- _TASK GOAL_
The lines from the beginning of the records below through the one holding "500 Stratford Ct photo 23" are to be copied exactly; leave the pictures out.

(Brief descriptive captions)
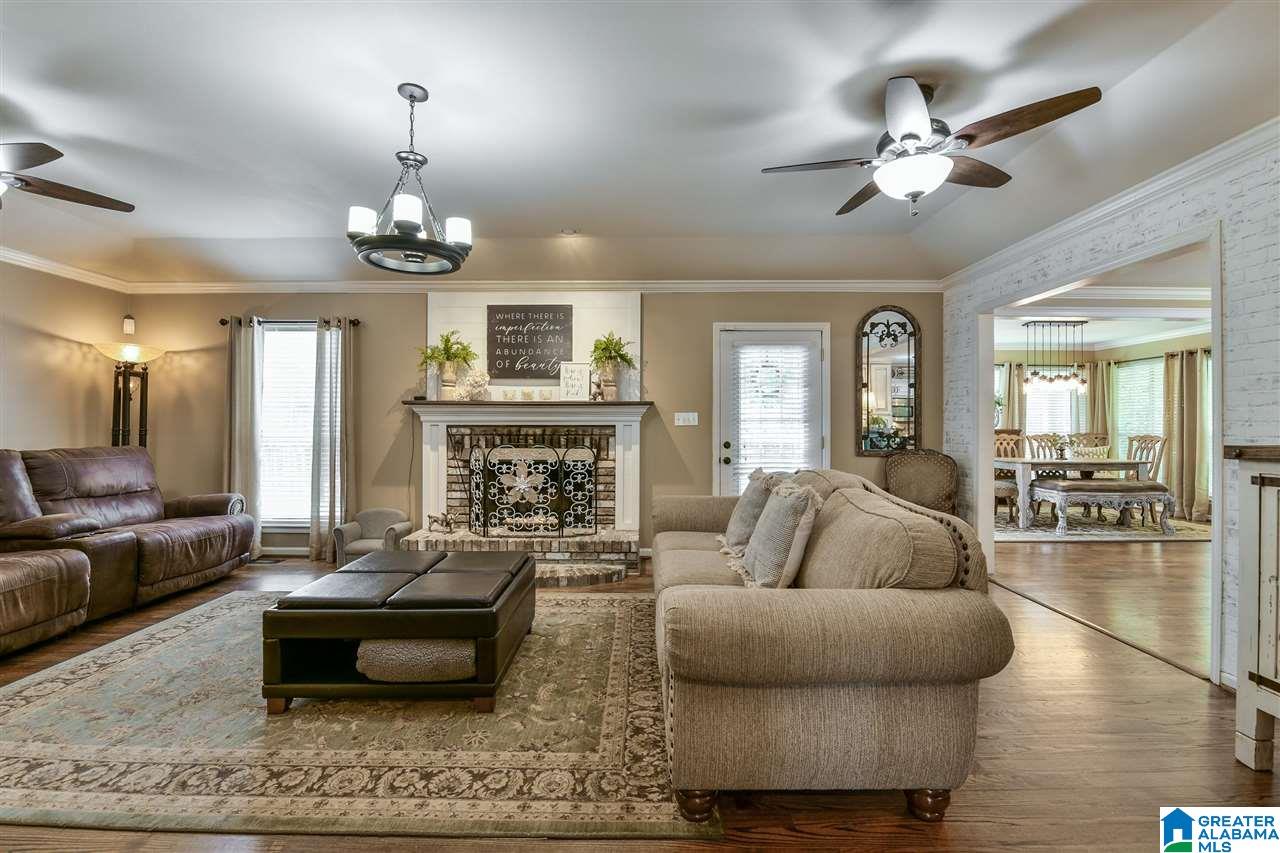 2805 Red Leaf Circle Bessemer, AL 35023 - Photo 5 of 48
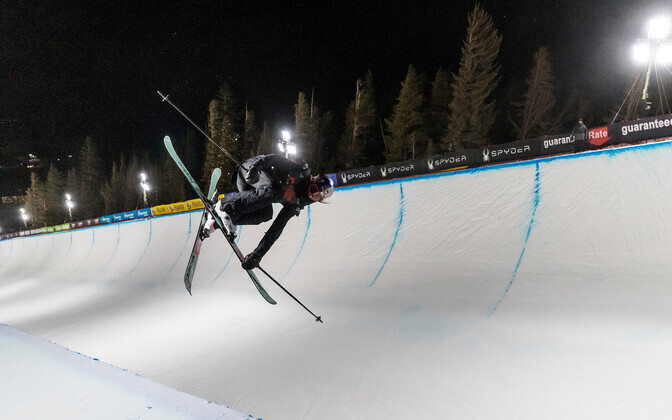 Kelly Sildaru tagas koha MK-etapi finaalis | Freestyle-suusatamine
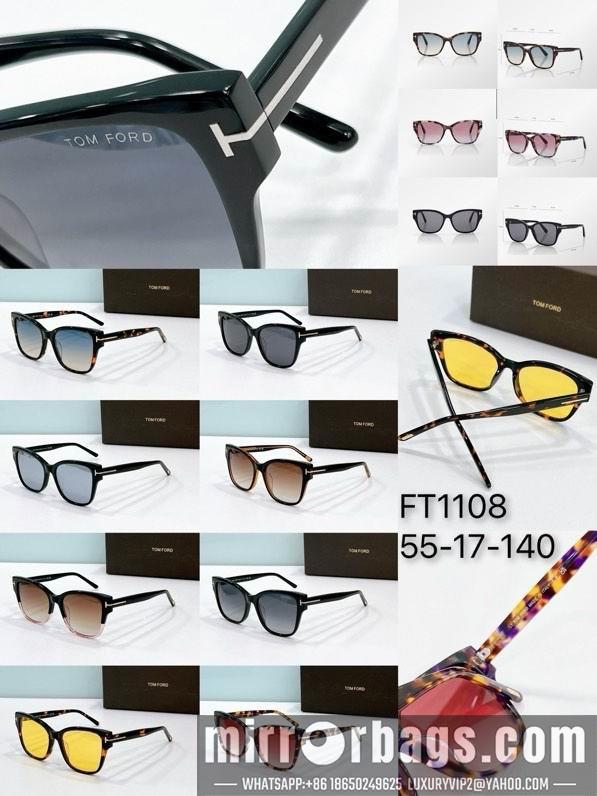 Tom Ford Glasses smx157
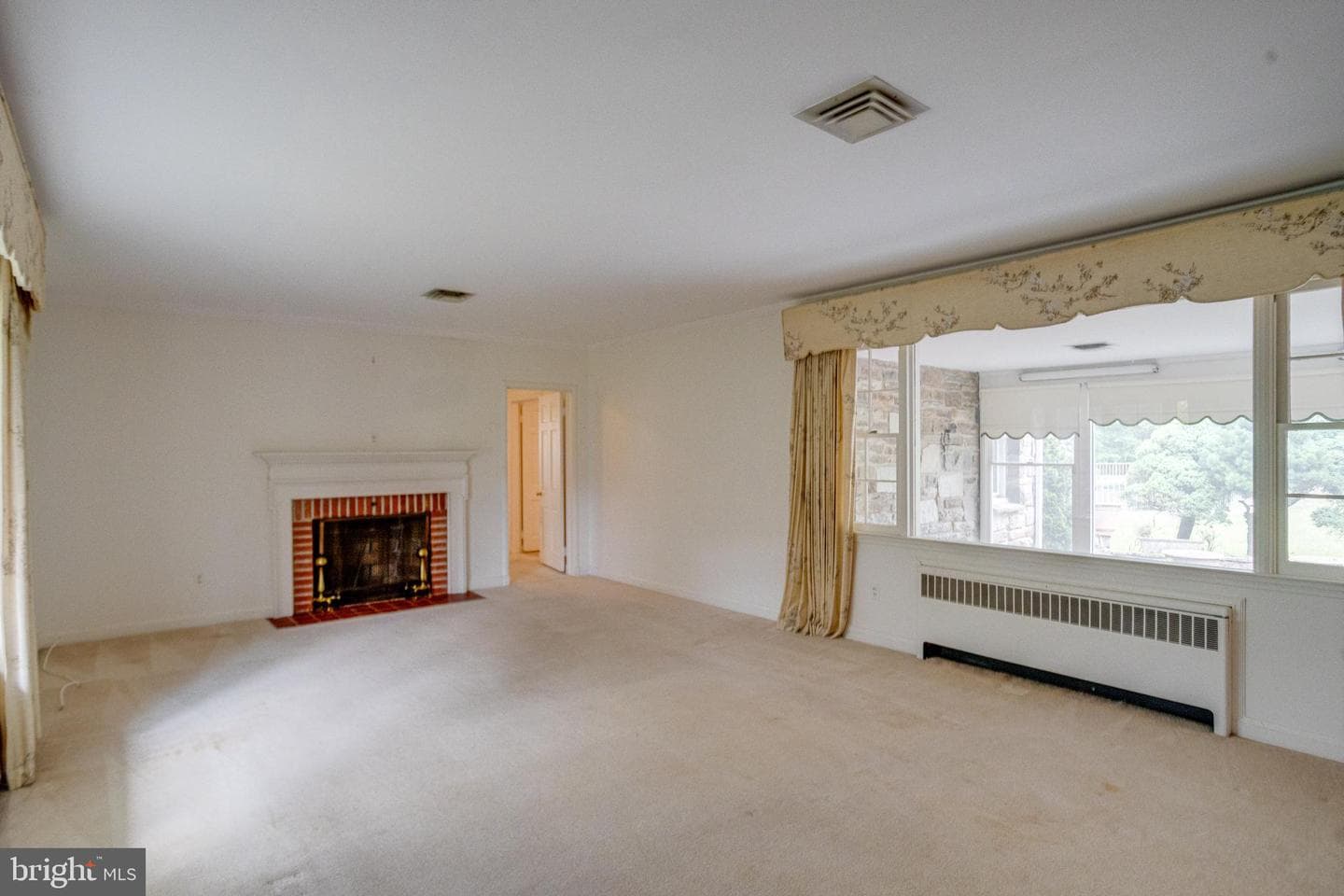 500 Stratford Ct photo 23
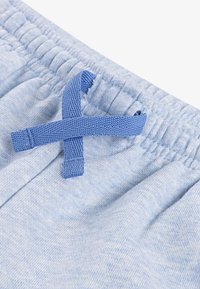 Svijetloplave pamučne kratke hlače s teksturiranim završetkom, koje imaju plavi vezica prepletena u struku i elastičnu traku.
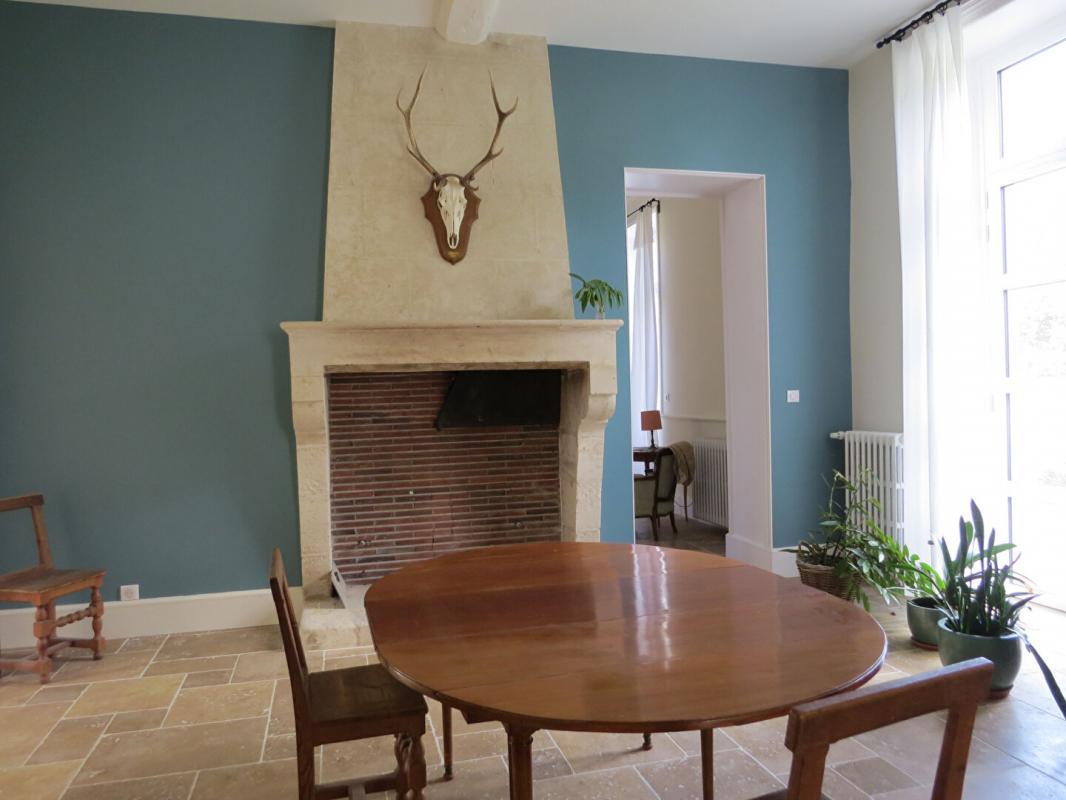 Prestigious residence park and outbuildings on 3 ha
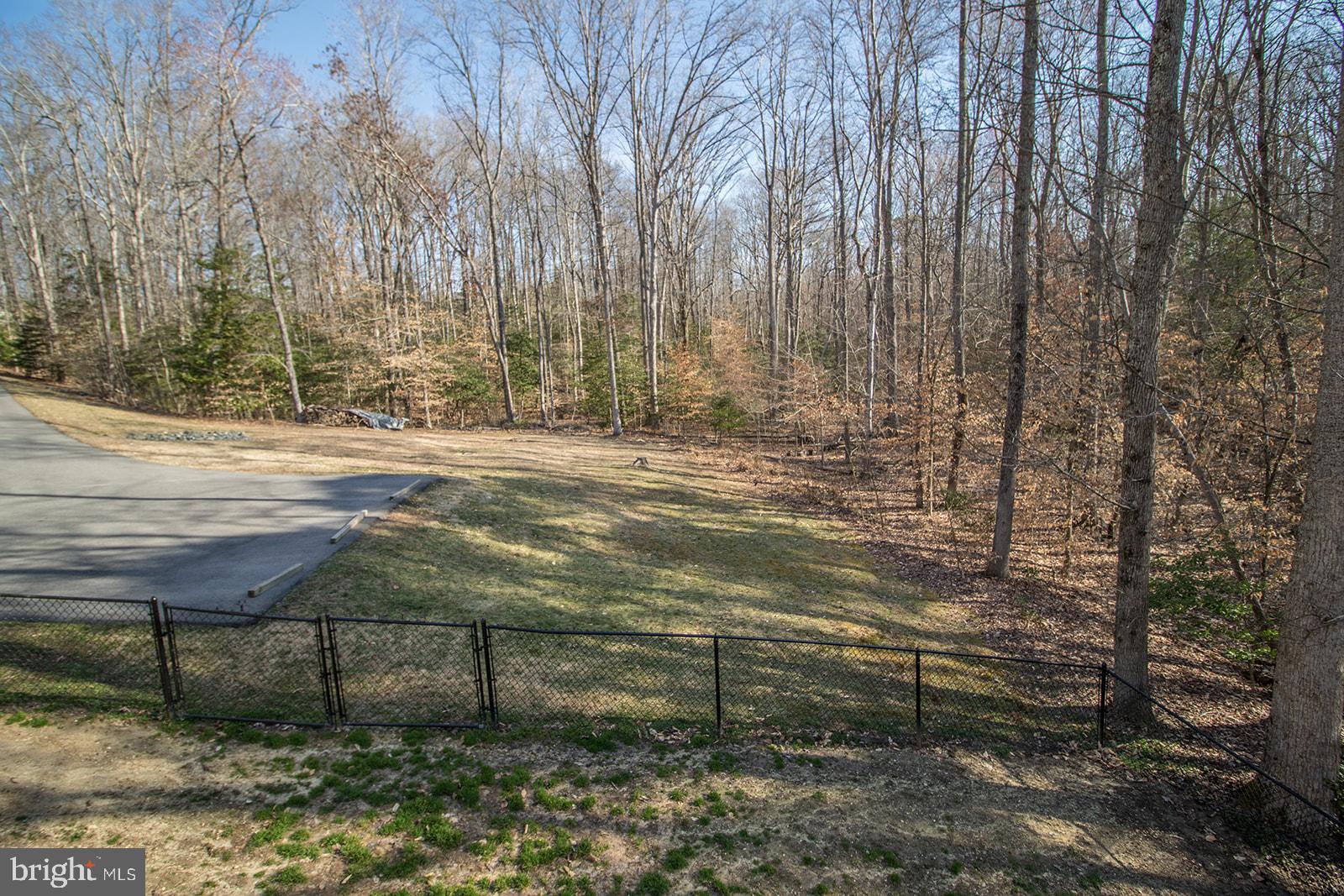 COUNTRY LAKES - Residential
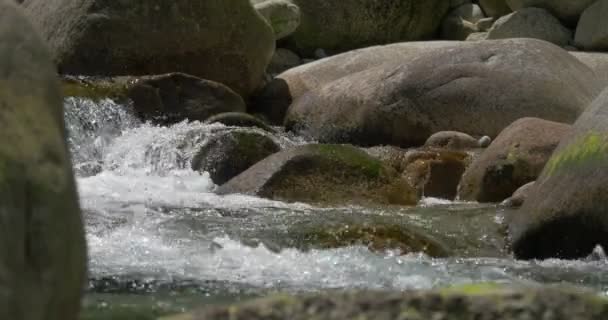 4K, fluyendo y salpicando el primer plano del agua — Vídeo de stock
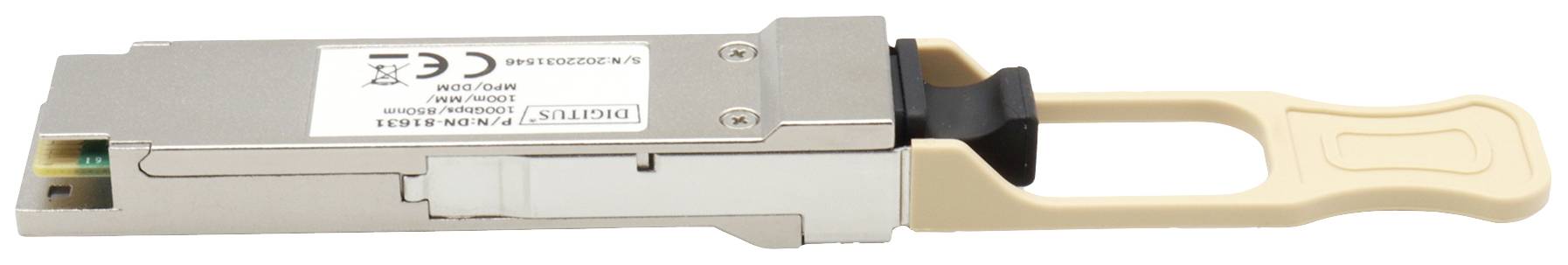 Srebrno-siv omrežni adapter s črnim in bež ohišjem, značilen za povezave računalniških strežnikov.
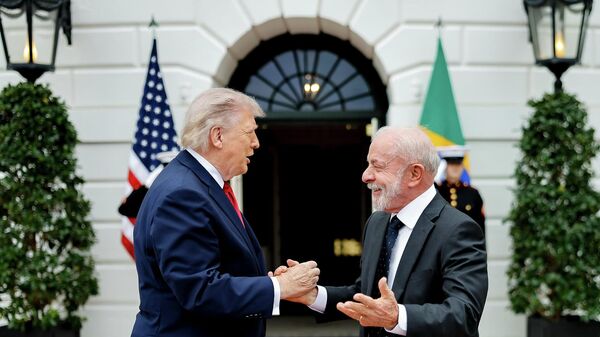 Presidente Luiz Inácio Lula da Silva é recebido pelo presidente norte-americano Donald Trump na Casa Branca. 7 de maio de 2026 - Sputnik Brasil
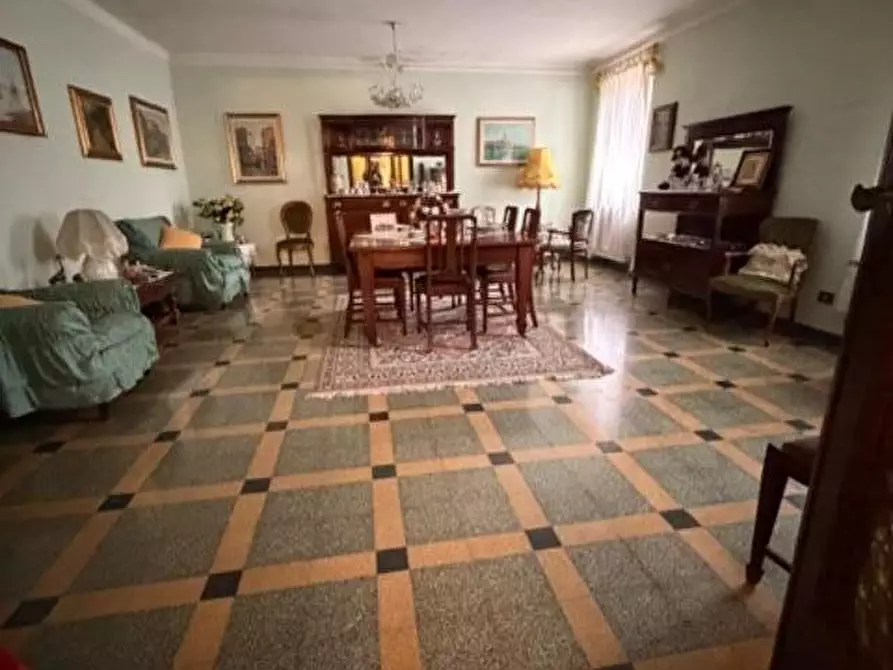 Immagine 16 di Appartamento in vendita  a Camaiore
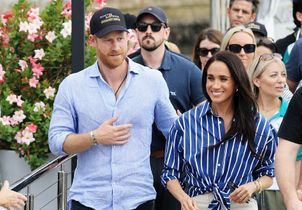 Chemise rayée et jean crème : Meghan Markle mise sur un look casual parfaitement maîtrisé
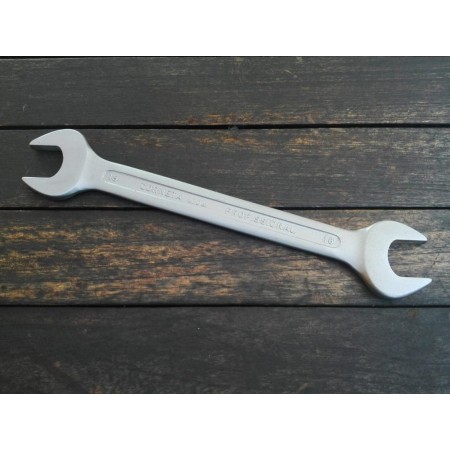 ACESA LLAVE FIJA 702-8X9 PROFESIONAL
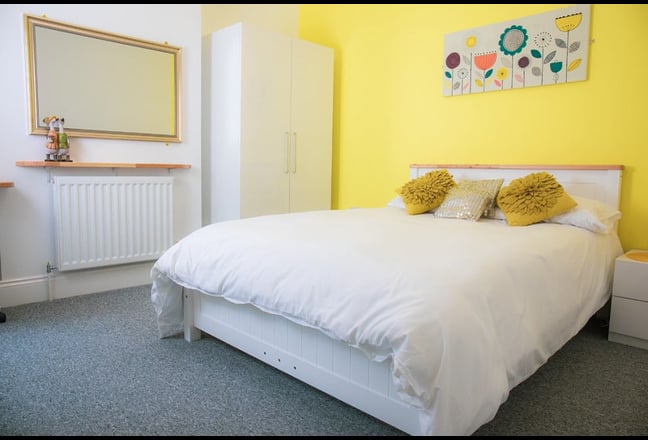 5 Star Immaculate Double Room Available Now ! Main Photo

- _EXERCISE RESULT_
 2805 Red Leaf Circle Bessemer, AL 35023 - Photo 5 of 48
 Kelly Sildaru tagas koha MK-etapi finaalis | Freestyle-suusatamine
 Tom Ford Glasses smx157
 500 Stratford Ct photo 23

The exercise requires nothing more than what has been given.